South Africa has long been portrayed as a unique case of colonialism and racial oppression because it was governed for decades by the formal rules of “Apartheid.” But, for revolutionaries in South Africa and across the continent, the struggle, despite its unique characteristics, was a key component of the broader wave of African liberation.
Common enemies, common solutions
The transatlantic slave trade, the subsequent colonial rule by Western European powers and the formalized division of the continent in the 1885 Berlin Conference affected all of Africa.
The common enemies and problems facing the nations of Africa led in turn to common struggles and movements that largely embraced socialism and pan-Africanism as the way forward.
Beginning in the 1920s, communist and socialist parties were formed in all regions of Saharan and sub-Saharan Africa. In the 1940s, national liberation movements expanded against the old European colonial powers, and African socialists organized the main sectors of the populace to take action, from industrial to domestic workers, the unemployed, students, subsistence farmers and the landless.
The Organization of African Unity was founded in Addis Ababa, Ethiopia, on May 25, 1963, bringing together forces from across the continent. A key element of this first meeting was the establishment of a Liberation Committee aimed at providing assistance on all levels to those still struggling against colonial rule. Southern Africa was a major focus. While South Africa was not formally “colonized” by a foreign power, the Apartheid government dominated by the white settler population held its African population in a de facto colonial state.
South Africa as the tip of the spear
Because of its status as the most industrially developed country on the continent, South Africa was central to imperialist domination, and also a key link in the chain of continental revolution.
South Africa’s settler government used its economic and military power to destabilize attempts at greater African unity.
This took place in two principal ways. First, the South African government was able to weaken the socialist and progressive states in southern Africa via warfare. It assisted the racist regime in Rhodesia, sponsored reactionary forces in the region and employed full-scale military aggression in Angola, Mozambique and Namibia, which was a South African colony. Second, their economic power allowed reactionary African leaders like Côte d’Ivoire’s then-president Félix Houphouët-Boigny to posture as “negotiators” for “peaceful” resolution of the anti-Apartheid struggle.

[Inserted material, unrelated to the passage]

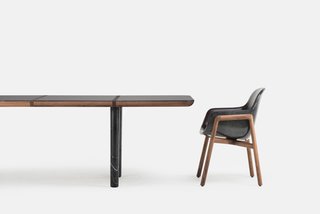 Also from the collection, the frame of the Marlon Rectangular Table is available in American black walnut or American white oak, both with various finishing options including oils, stains, or paint colors. For the legs and top, you can choose from either white Carrara marble or black Negro Marquina marble.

South Africa justified this political and military destabilization work on the basis of “anti-communism,” because a majority of southern African liberation forces were socialist-oriented. This was also the great fear of the imperialists. They anticipated that the triumph over Apartheid South Africa would pave the way for socialism in the industrial and political center of the continent.
Unity needed for victory
The national liberation movements in southern Africa received strong support from African socialist states and pro-socialist governments, such as Ghana, Tanzania, Guinea, Zambia, the People’s Republic of Benin and the People’s Republic of Congo-Brazzaville, as well as countries like Libya and Nigeria.
Tanzania hosted ANC training camps as early as 1962, and in 1978 allotted spaces to create an educational facility for young people who had left the country in the wake of the Soweto uprising. Zambia served as the headquarters for each of these liberation struggles, providing safe havens for exiles and critical rear base areas for training and preparation for operations against the colonial enemy.
China, the Soviet Union, the Democratic People’s Republic of Korea, the Socialist Republic of Vietnam and other nations in the socialist camp also provided support to southern African liberation struggles.
This international coordination among African forces and the socialist camp bore fruit in days of mass protest, mass mobilizations of civil disobedience in the townships of South Africa in the 1980s and the decisive Cuban contribution to the battle of Cuito Cuanavale, Angola. This battle safeguarded the sovereignty of Angola and hastened the independence of Namibia, as well as the release of Nelson Mandela and other senior leaders of the national liberation movement.
China’s abandonment of a principled revolutionary and internationalist foreign policy, and the later overthrow of Soviet Union, were great blows for those fighting to free themselves from capitalist and imperialist domination on the African continent. This new global situation reversed the tide of revolution and damaged the trend towards pan-African unity.
More than ever, the examples of southern Africa, from the organized class struggle of South Africa to land reform in Zimbabwe, have the ability to shape struggles against neo-colonialism across Africa. As issues of land use, ethnic conflict, living standards and national sovereignty sweep across the continent, the interconnectedness of these struggles will unite Africa and lead to true liberation: Socialism.